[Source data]
>>>>

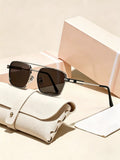 Pair Bridge Men Sunglasses Driving Sun-Proof Trendy Outing Metal Sunglasses Cool Versatile Personality Fashionable Sunglasses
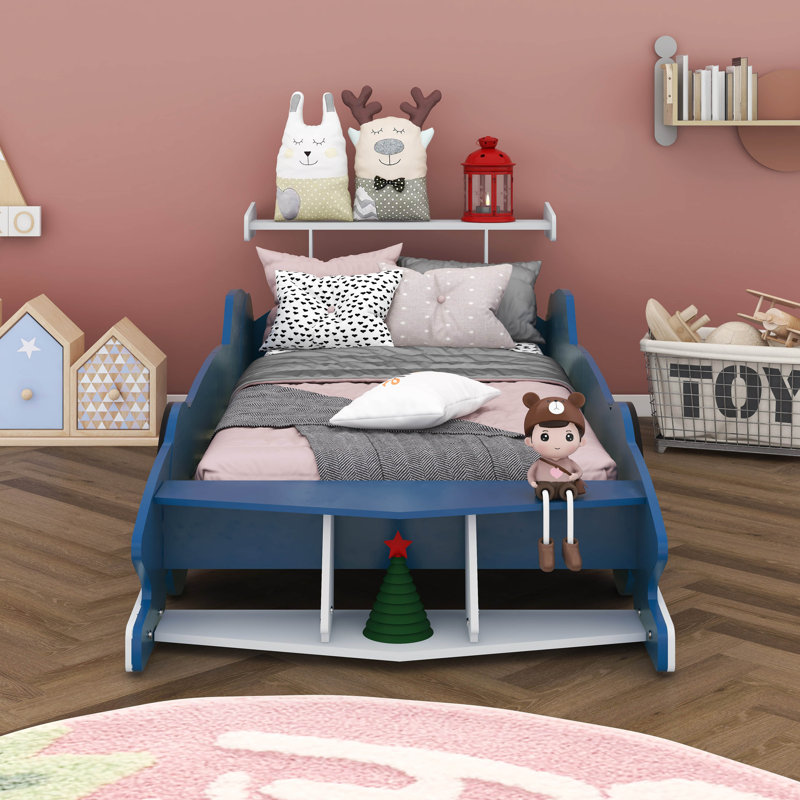 Unfinished Race Car-Shaped Platform Bed with Wheels, Twin, Blue
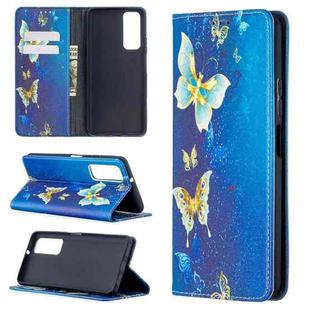 For Huawei P smart 2021 / Y7a Colored Drawing Pattern Invisible Magnetic Horizontal Flip PU Leather Case with Holder & Card Slots & Wallet(Gold Butterflies)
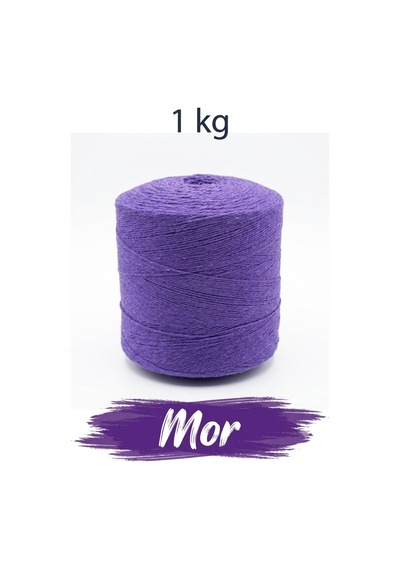 1 Kg Pamuklu El Örgü İpi Runner İpi- Amigurumi Koton İp Punch İpi Motif Mor Renk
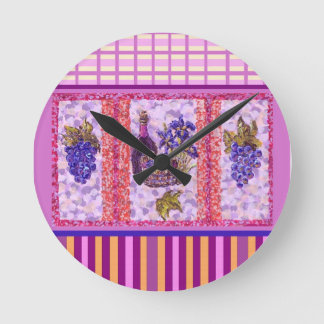 Wine And Grapes With Plaid And Stripes Wall Clock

<<<<

### Task instructions
Write the records out again verbatim and omit the pictures they contain.

### Solution for this task
 Pair Bridge Men Sunglasses Driving Sun-Proof Trendy Outing Metal Sunglasses Cool Versatile Personality Fashionable Sunglasses
 Unfinished Race Car-Shaped Platform Bed with Wheels, Twin, Blue
 For Huawei P smart 2021 / Y7a Colored Drawing Pattern Invisible Magnetic Horizontal Flip PU Leather Case with Holder & Card Slots & Wallet(Gold Butterflies)
 1 Kg Pamuklu El Örgü İpi Runner İpi- Amigurumi Koton İp Punch İpi Motif Mor Renk
 Wine And Grapes With Plaid And Stripes Wall Clock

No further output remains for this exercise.